Higher temperatures are a new normal and not confined to any specific state or country. No worker should be exposed to dangerous conditions because their employer “didn’t think it would happen here.” For instance, temperatures of 103 degrees in Geneva, Switzerland, seem unfathomable—until this week, when they hit a new record of 102.7. Air conditioning in Europe is not as common as it is in the United States. Thankfully, the city of Geneva initiated a heatwave plan that focused on prevention messaging, concentrating on the most vulnerable demographics. 

Time to act: approach underwriting and loss control with heat in mind

While standardized heat safety training materials via OSHA, NIOSH, and state resources are valuable, every business is different. Where possible, insurance companies should partner with the broker and business to identify bespoke risk management needs. For instance, if PPE is required on a construction job site, can cooling vests be used?

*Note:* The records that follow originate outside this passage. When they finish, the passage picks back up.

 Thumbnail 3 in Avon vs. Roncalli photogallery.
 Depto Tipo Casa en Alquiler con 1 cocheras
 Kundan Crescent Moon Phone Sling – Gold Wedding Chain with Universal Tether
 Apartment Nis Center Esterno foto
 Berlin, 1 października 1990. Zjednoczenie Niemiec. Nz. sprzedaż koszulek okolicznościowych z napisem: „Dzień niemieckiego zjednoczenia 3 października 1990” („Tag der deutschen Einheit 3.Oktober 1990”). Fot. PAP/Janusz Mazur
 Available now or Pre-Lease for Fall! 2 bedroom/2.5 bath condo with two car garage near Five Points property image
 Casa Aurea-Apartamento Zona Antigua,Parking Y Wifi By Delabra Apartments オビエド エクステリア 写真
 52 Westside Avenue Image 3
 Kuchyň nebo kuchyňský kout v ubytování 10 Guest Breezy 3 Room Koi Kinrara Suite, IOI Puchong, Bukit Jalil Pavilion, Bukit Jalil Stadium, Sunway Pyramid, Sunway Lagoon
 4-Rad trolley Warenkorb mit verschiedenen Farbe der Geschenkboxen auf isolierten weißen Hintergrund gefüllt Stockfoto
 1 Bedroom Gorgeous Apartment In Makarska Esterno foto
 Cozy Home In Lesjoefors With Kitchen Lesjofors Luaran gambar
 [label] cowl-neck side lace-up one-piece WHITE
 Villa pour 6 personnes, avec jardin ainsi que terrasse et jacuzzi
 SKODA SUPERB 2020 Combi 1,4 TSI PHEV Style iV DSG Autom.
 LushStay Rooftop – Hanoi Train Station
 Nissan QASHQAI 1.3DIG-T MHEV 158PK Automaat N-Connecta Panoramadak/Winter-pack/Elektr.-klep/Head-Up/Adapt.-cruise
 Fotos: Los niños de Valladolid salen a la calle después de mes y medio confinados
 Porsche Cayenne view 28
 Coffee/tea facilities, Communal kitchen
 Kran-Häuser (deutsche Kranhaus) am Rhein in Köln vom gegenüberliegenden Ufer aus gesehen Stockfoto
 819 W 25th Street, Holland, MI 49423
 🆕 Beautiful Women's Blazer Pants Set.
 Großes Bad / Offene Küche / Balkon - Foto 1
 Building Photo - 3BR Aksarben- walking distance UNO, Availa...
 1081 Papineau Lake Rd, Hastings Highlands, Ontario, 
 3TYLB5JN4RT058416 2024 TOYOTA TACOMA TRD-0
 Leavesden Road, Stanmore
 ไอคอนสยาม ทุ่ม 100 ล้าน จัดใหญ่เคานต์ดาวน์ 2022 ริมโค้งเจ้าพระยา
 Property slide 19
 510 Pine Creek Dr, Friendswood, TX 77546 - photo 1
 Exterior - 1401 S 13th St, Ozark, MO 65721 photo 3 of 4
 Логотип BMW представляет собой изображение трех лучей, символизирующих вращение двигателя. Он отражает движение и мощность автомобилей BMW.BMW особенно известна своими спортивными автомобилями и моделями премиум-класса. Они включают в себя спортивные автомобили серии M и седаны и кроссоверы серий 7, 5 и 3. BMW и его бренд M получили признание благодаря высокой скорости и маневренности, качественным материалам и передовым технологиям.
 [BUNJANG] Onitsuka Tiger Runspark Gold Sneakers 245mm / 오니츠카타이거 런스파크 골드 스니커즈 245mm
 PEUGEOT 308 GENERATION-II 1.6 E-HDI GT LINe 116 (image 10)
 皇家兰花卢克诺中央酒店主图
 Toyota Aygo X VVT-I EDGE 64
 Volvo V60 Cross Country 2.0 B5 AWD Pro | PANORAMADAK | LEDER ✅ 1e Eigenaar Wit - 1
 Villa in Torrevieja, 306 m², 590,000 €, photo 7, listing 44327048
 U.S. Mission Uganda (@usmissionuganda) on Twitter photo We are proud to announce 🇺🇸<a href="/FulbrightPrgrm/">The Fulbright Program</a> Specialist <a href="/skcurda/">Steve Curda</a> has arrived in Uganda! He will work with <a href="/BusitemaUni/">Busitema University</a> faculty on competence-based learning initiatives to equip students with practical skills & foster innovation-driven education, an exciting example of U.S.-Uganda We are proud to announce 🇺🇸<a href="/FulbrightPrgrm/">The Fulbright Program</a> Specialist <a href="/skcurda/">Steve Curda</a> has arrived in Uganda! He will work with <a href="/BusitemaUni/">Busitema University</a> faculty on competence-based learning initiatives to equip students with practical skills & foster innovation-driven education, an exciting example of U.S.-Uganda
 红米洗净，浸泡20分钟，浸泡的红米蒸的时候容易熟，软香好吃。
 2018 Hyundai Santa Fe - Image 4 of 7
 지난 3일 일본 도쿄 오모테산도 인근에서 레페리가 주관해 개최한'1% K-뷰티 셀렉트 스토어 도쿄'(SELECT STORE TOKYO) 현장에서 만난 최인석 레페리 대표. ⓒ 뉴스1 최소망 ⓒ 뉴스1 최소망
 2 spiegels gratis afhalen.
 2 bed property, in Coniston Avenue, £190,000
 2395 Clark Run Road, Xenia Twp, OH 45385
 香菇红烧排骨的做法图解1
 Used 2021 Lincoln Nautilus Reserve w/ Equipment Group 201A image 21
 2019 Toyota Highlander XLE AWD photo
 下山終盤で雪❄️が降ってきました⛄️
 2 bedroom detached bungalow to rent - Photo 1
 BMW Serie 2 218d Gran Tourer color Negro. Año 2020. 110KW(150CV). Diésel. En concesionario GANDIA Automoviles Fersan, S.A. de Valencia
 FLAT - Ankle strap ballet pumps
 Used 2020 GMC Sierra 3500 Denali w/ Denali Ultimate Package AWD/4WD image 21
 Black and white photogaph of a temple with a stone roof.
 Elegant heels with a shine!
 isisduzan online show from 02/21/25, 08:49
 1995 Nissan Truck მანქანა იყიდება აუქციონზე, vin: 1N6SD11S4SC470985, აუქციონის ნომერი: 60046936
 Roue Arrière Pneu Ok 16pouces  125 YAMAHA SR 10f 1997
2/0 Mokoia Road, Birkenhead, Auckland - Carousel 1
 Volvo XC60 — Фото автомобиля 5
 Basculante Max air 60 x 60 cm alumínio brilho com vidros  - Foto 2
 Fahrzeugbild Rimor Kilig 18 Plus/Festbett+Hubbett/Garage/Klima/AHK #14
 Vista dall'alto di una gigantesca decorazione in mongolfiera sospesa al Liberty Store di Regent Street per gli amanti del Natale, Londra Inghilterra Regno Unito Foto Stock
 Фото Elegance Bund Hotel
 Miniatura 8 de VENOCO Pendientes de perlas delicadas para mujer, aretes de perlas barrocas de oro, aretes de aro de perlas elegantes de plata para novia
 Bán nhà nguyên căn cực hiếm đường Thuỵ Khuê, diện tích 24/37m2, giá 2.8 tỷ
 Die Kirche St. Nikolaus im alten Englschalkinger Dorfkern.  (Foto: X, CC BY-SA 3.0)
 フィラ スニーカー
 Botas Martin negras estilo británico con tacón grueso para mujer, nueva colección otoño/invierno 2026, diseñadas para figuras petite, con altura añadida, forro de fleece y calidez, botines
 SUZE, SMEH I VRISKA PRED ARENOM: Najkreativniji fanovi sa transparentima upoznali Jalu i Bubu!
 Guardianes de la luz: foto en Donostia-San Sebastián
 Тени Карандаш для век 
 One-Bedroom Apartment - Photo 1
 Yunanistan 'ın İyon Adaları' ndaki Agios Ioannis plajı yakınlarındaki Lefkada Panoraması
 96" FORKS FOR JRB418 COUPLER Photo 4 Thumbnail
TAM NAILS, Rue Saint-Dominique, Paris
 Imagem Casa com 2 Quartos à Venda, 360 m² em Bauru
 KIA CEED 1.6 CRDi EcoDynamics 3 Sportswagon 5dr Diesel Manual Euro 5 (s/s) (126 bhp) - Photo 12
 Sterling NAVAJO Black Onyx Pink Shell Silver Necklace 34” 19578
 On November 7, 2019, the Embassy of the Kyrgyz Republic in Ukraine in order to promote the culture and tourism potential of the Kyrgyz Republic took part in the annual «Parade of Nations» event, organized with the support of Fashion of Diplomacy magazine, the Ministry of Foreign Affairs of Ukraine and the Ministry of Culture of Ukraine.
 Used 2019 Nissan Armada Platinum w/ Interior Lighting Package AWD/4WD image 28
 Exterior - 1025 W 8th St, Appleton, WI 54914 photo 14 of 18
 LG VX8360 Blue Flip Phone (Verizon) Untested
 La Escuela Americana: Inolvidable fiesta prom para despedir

If agribusiness work must be performed during a heat wave to prevent fruit from rotting in the fields, are workers rotating in shifts? Is there a break area with air conditioning and water? Underwriters can ask these questions to protect their book and bring items to the business’s attention—potentially saving lives. 

At Foresight, every account is safety-managed with personalized attention. We work with businesses to bring their workers home safely. 

The responsibility to prevent heat claims is one that regulators, insurance companies, and businesses share. President Biden asked OSHA to enact stricter regulations around heat illness, but as we know, the pace of federal change is not always swift. Let’s challenge ourselves from the underwriting desk and beyond to keep heat safety front of mind.